- Kirnahar(Sankha) Location within West Bengal
- Coordinates: 23°45′47″N 87°52′39″E﻿ / ﻿23.7630377°N 87.8776320°E
- Country: India
- State: West Bengal
- District: Birbhum

Government
- • Body: Gram panchayat
- Elevation: 29 m (95 ft)

Population (2011)
- • Total: 7,103

Languages
- • Official: Bengali, English
- Time zone: UTC+5:30 (IST)
- PIN: 731302
- Telephone/STD code: 91 3463
- ISO 3166 code: IN-WB
- Lok Sabha constituency: Bolpur
- Vidhan Sabha constituency: Nanoor
- Website: birbhum.nic.in

= Kirnahar =

Kirnahar is a village in Nanoor CD block in Bolpur subdivision of Birbhum district in the Indian state of West Bengal.

== Administration ==
Kirnahar I & II are village panchayats (local self-government) under Nanoor Panchayat Samity of Birbum Zilla Parishad. A police station, since 2022, is located at Kirnahar.

==Geography==

===Location===
Kirnahar is located at . It has an average elevation of 29 m.

Kirnahar is located in the south-eastern corner of the district which is an alluvial plain between Ajay River and Mayurakshi River. It has hot and dry summers, spread over March - May, followed by the monsoon from June to September. 78 per cent of the rainfall occurs during this period.

==Healthcare==
There is a primary health centre at Kirnahar (with 10 beds).

== Education ==
Kirnahar has two higher secondary schools. They are:
- Kirnahar Shib Chandra High School
- Kirnahar Tarapado Memorial Girls High School

The first one is one of the oldest schools in Birbhum (Estd. 1895). It was established on the land donated by the local Sarkar zamindar Pioneere Babu Shib Chand Sarkar. His three sons established Shib Chandra High School in 1895. The school produced many great personalities who made their marks in political, cultural and scientific world.

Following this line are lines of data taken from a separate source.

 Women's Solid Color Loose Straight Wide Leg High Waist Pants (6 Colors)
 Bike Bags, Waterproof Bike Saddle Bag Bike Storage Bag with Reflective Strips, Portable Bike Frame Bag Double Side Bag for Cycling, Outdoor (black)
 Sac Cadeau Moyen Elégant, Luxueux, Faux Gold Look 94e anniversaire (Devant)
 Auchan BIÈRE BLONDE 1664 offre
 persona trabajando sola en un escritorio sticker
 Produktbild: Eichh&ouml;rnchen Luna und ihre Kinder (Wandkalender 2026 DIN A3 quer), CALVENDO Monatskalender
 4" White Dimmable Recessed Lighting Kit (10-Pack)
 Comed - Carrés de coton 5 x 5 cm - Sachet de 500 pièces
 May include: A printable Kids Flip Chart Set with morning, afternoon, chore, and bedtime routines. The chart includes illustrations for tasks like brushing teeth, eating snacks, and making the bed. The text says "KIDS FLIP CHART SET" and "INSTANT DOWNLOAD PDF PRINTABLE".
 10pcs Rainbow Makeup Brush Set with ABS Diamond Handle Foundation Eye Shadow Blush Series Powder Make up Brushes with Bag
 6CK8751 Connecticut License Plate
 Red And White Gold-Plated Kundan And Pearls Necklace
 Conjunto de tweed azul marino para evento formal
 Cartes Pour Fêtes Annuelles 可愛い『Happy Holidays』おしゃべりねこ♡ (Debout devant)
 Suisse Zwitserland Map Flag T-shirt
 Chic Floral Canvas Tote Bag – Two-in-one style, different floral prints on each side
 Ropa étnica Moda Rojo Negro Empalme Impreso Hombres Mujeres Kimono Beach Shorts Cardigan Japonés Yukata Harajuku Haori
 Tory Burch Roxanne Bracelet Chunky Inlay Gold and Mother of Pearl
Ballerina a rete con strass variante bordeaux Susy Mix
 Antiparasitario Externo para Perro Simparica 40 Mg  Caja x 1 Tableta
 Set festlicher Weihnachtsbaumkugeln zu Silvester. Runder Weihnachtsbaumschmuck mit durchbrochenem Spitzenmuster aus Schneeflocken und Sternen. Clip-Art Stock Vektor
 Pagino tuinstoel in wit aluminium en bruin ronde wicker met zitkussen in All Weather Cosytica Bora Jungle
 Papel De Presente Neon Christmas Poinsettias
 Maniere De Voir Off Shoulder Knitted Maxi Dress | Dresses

There are 9 government-aided primary schools:

- Kirnahar Junior Basic School
- Uttar Kirnahar Primary School
- Kirnahar Nabin Chandra Smriti Primary School
- Kirnahar Laxmimata Primary School
- Parota Primary School
- Maheshgram Primary School
- Nimrha Primary School
- Sankha's School
- Kirnahar Nimna Buniyadi Vidhyalay (Near Bhadra Kalimata Mandir)

Kirnahar has one government sponsored library — Kirnahar Rabindra Smriti Samity Town Library. The library was established on 17 August 1941 (32nd Shravana, 1348 B.S.) just ten days after the demise of the notable poet/polymath Rabindranath Tagore. The founder-secretary was Krishnagopal Chandra. In 1957 it became sponsored by the West Bengal Government. Satyaranjan Sengupta was the first employed librarian. It was upgraded to a Town Library in 1986. During 2015, the library possessed over 15,000 books and had over 1,400 members.

== Notable residents==
- Pranab Mukherjee, former President of India, was born at Mirati, Kirnahar

== Transport ==
Kirnahar railway station is midway station on the 52 km Ahmedpur Katwa Railway. It is well-connected by bus routes with Sainthia, Bolpur, Ahmedpur, Suri, Mallarpur and Rampurhat of this district and also with different places of the adjacent districts of Murshidabad and Burdwan. Three buses also run to Kolkata from this little town at 5:15 am, 6:00 am and 6:10 am.